What the exercise asks
In the records below, find the line that contains "Katarina Travica vizit kartica". Retype that line and all the lines after it through the end, leaving out the pictures.

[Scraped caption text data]
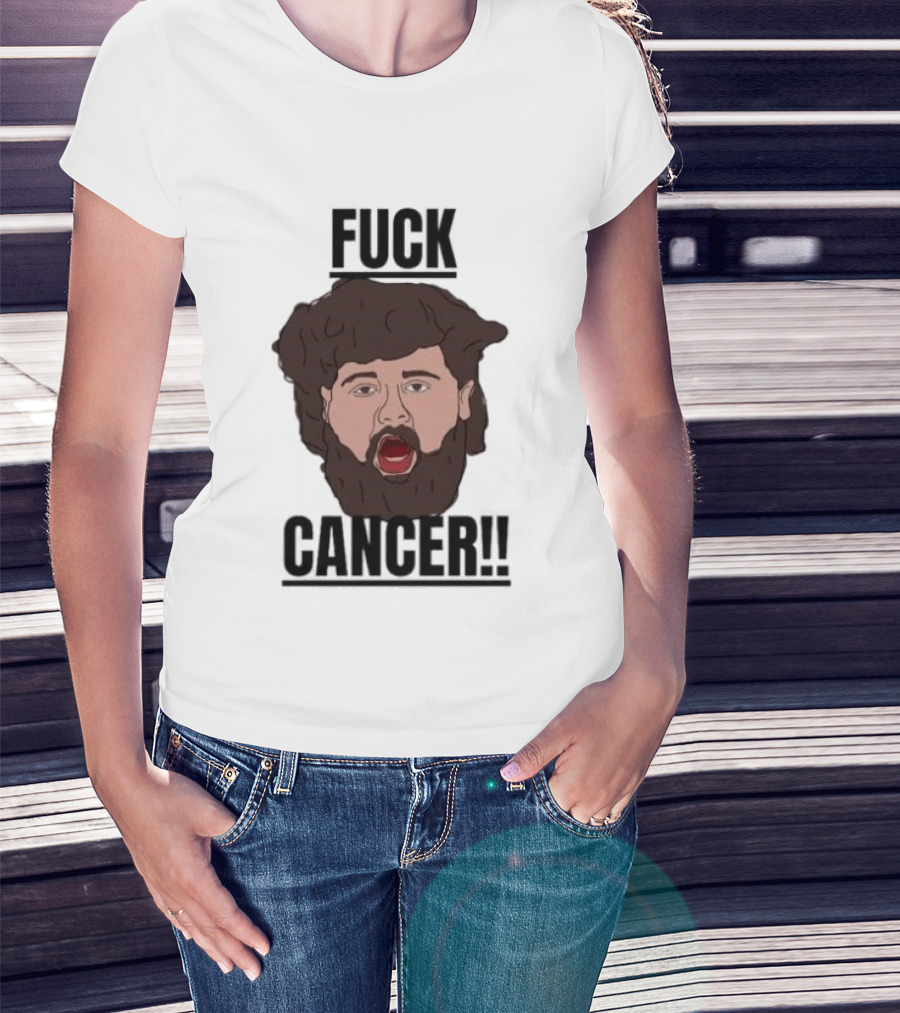 CreepCast Fuck Cancer Shout T-Shirt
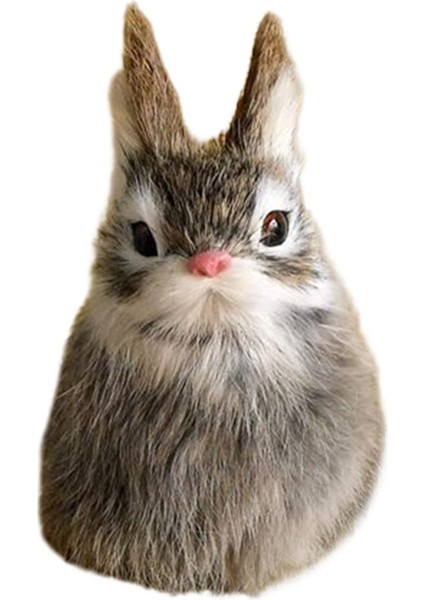 Sevimli Taklit Tavşan Pencere Dekorasyonu Yapay Heykel D (Yurt Dışından)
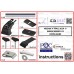 Поперечены в штатные места под ключ Wingbar V3 (2 шт) черные для Nissan X-trail T32/Rogue 2014-2021 гг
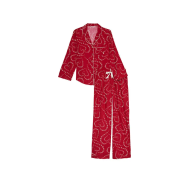 Пижама Flannel Long Pajama Set Red 
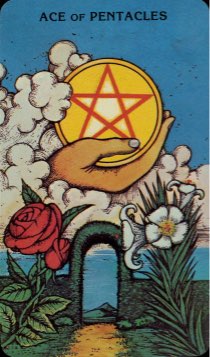 Tarotkaart 'Aas van Pentagrammen'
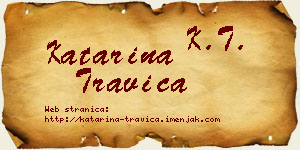 Katarina Travica vizit kartica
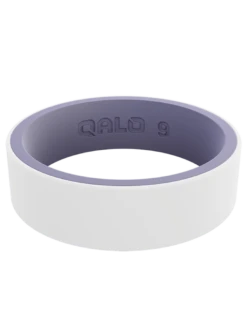 Women's Strata Silicone Ring -Silicone Jewelry & Accessories Strata.Narrow.WhiteLilac.Front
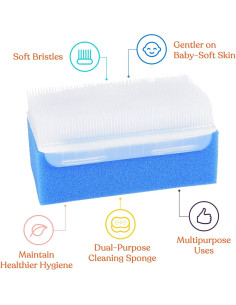 Esponjas de Baño para Bebés Suministros Especiales 6 Unidades 2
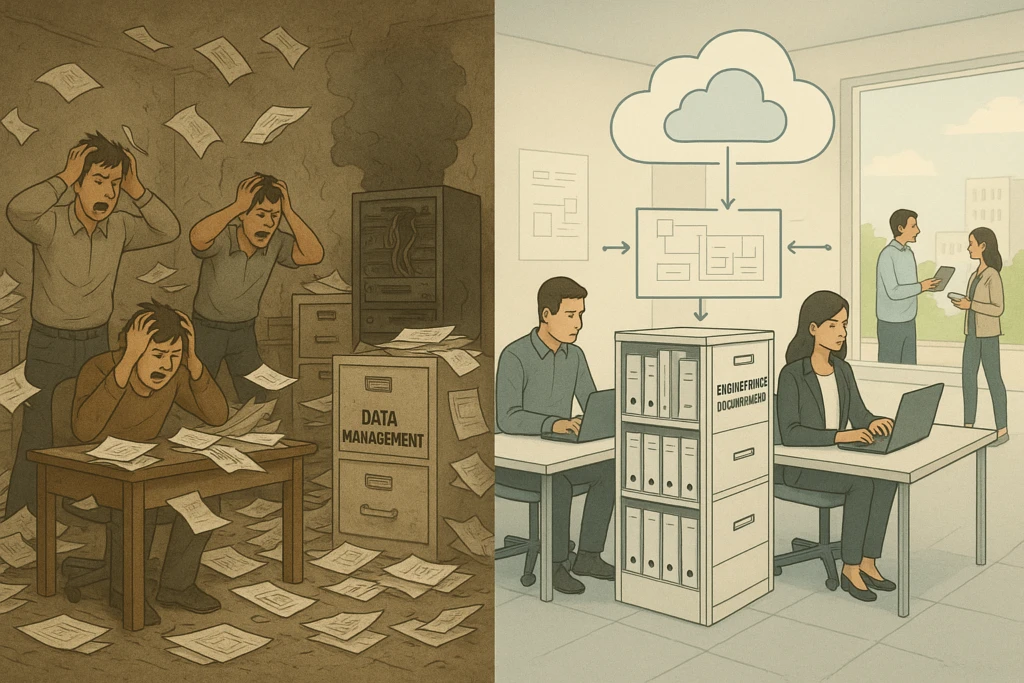 poor engineering documentation vs. excellent documentation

Response area
 Katarina Travica vizit kartica
 Women's Strata Silicone Ring -Silicone Jewelry & Accessories Strata.Narrow.WhiteLilac.Front
 Esponjas de Baño para Bebés Suministros Especiales 6 Unidades 2
 poor engineering documentation vs. excellent documentation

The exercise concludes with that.